El certamen de Miss Universo continúa siendo una aspiración para muchas jóvenes en República Dominicana, donde el título representa no solo belleza, sino disciplina y preparación integral. Desde la histórica coronación de Amelia Vega en 2003, el país ha mantenido una presencia destacada en la competencia internacional. Sin embargo, pese a múltiples participaciones sobresalientes, la ansiada corona no ha regresado a manos dominicanas, lo que ha generado interrogantes entre seguidores del certamen.

A lo largo de los años, varias candidatas han logrado posiciones relevantes. Renata Soñé en 2005 y Mariana Cruz en 2008 alcanzaron el lugar de segunda finalista, mientras que Ada de la Cruz obtuvo el puesto de primera finalista en 2009, quedando a un paso de la victoria. Más adelante, Yaritza Reyes en 2013 se posicionó como octava finalista, y Clarissa Molina en 2015 figuró entre las seis finalistas, consolidando la competitividad de las representantes dominicanas en el escenario internacional.

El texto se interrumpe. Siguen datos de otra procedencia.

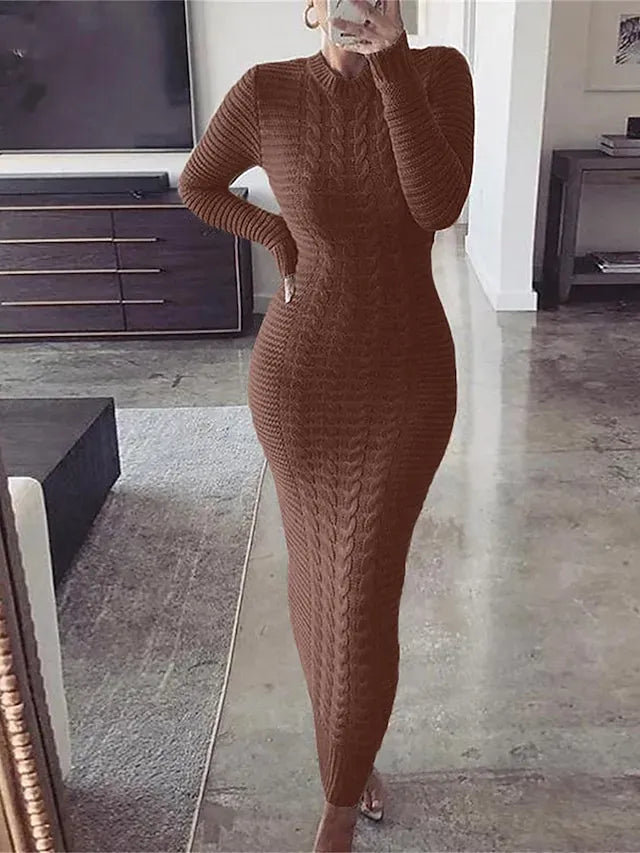 Women's Sweater Dress Crew Neck Ribbed Knit Polyester Knitted Fall Winter Long Outdoor Daily Going out Stylish Casual Soft Long Sleeve Pure Color Black Yellow Wine S M L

Sobre las razones por las cuales el país no ha vuelto a obtener el título, la propia Clarissa Molina ha señalado la importancia de la disciplina en el proceso. Según explicó, más allá de la apariencia física, el certamen exige preparación constante, compromiso y enfoque. Estas declaraciones refuerzan la idea de que el éxito en Miss Universo depende de múltiples factores, y no únicamente de la belleza, lo que redefine la percepción del concurso como una plataforma de exigencia integral.